Autocomplete can be achieved many different ways. Most common is Ajax on the client side, and an NLP search engine application like Apache Lucene or Solr that does a reverse lookup and returns the matches based on the typed characters. These search engines can be very finely tuned. The rest of the question is not clear.

question - The setup is that we are given a series of text files which contain information regarding a code repository's commits. Each file represents a single commit and they are formatted as follows: " Commit #: XXX Author: XXX Reviewer(s): XXX, XXX, ... File: XXX File: XXX ... Date: XX:XX:XX XX/XX/XXXX " The commit number is unique and is generated in synchronous order. There is exactly 1 unique author. There are a variable number of reviewers, delimited by commas; if there are no reviewers, that line is absent from the file. There are a variable number of edited files in the commit, each receiving its own line. The time/date is when the commit was submitted.

First design a graphical model for all of the commit data. Then describe how this model is updated when a new commit is generated. Finally, write the code segment called when a new commit is generated which edits a system that has implemented your model of the data - its input is a file name and whatever necessary data structures that are maintained by your system.

answer -

  1. Keep a list of managed files (say, L) and their status.
  2. Each file has a connection to all related commits. (commits are ranked based on time)
  3. Each commit has a connection to all related file (including not-changed files).

For the latest version, scan the files and fetch the latest files.
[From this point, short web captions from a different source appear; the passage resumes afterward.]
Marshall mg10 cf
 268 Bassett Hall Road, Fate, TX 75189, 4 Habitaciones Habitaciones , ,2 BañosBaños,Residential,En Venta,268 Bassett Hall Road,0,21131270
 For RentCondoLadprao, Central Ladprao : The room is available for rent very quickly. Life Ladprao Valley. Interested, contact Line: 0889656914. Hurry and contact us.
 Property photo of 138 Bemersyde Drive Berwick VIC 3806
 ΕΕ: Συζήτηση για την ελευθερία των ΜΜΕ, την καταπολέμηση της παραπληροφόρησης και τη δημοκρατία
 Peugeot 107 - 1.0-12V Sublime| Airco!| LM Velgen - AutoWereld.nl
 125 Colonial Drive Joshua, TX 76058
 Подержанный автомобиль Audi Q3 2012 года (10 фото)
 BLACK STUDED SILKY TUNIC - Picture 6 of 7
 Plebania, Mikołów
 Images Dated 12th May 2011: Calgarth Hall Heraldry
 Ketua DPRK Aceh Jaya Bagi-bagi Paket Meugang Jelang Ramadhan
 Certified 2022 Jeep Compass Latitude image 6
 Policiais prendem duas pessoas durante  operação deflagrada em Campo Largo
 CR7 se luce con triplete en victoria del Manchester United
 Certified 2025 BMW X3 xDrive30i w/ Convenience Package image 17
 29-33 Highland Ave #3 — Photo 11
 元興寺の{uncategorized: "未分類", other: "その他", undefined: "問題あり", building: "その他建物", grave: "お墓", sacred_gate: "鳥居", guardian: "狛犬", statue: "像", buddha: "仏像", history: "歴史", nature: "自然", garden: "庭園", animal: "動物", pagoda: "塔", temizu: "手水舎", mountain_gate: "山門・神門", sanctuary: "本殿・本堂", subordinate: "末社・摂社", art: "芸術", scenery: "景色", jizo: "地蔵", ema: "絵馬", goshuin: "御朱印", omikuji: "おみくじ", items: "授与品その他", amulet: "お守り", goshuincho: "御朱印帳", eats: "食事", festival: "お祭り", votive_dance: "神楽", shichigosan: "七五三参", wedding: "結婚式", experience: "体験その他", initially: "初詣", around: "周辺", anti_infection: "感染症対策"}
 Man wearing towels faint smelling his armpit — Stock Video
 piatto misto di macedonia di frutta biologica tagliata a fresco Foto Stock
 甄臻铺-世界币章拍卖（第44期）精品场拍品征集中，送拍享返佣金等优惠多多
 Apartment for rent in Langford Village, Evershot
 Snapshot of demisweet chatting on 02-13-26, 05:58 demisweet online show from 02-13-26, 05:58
For one particular commit, scan the related files and fetch the files.

Each time, when a new commit happens,

  1. If the commit new a file, insert the file to L.
  2. For all modified files, insert the commit into the beginning.
  3. Insert the commit to the ranked commit list.

question: design a system to return an unique ID for each request. For most of requests, the ID value should increase as time goes, the system should handle 1000 requests per second at least. timestamps alone is not valid since there might be multiple requests with same timestamps.

answer - Requirements:

-> Unique Incrementing Id -> Scalable -> Available -> Consistent

Solution:

First of all lets determine a solution that allows you to get the best unique id that starts incrementing from 0. We can use the time stamp and convert to epoch to get a unique id. When we start this system we set a variable called START_EPOCH_TIME.

During each request we calculate CURRENT_EPOCH_TIME - START_EPOCH_TIME.

This should allow of us to get unique incrementing ids over the scale of the number of digits we use.

However, this won't work when there are multiple requests within the same time stamp. So first thing is we modify the length of our id by the number of requests we want per second. i.e. ID000 for 1000. So what we do is maintain a hash table that we recycle on regular intervals that maps epoch time and count of the number of requests. We update the table on every hit of the request.

REQ_COUNT [CURRENT_EPOCH_TIME] += 1

Our unique ID is then ID + str(REQ_COUNT [CURRENT_EPOCH_TIME]) .

If this is the only machine that handles requests then this shall work, however, this may not scale well when there are multiple machines handling requests. So lets say we have 10 machines handling requests. Then we use gossiping protocol to ensure that all the machines know about each other. This way we ensure that each machine knows exactly the number of machines that exist. Using this knowledge each machine assigns itself a range ordered by the machines IP/NAME. So for 10 machines. Machine 1 gets 0-100, 2 gets 100-200, 3 gets 200-300.

Then the hash table will be initialized with: REQ_COUNT [CURRENT_EPOCH_TIME] = RANGE_START

And incremented as such. REQ_COUNT [CURRENT_EPOCH_TIME] += 1.

Finally we always check whether REQ_COUNT [CURRENT_EPOCH_TIME] > RANGE. If so then we throttle the request. Otherwise if we want to handle more we need to update the way the system works. This should be decided based on the requirements and capacity of the system in handling these requests.

question: Given a large network of computers, each keeping log files of visited urls, find the top ten of the most visited urls. (i.e. have many large <string (url) -> int (visits)> maps, calculate implicitly <string (url) -> int (sum of visits among all distributed maps), and get the top ten in the combined map)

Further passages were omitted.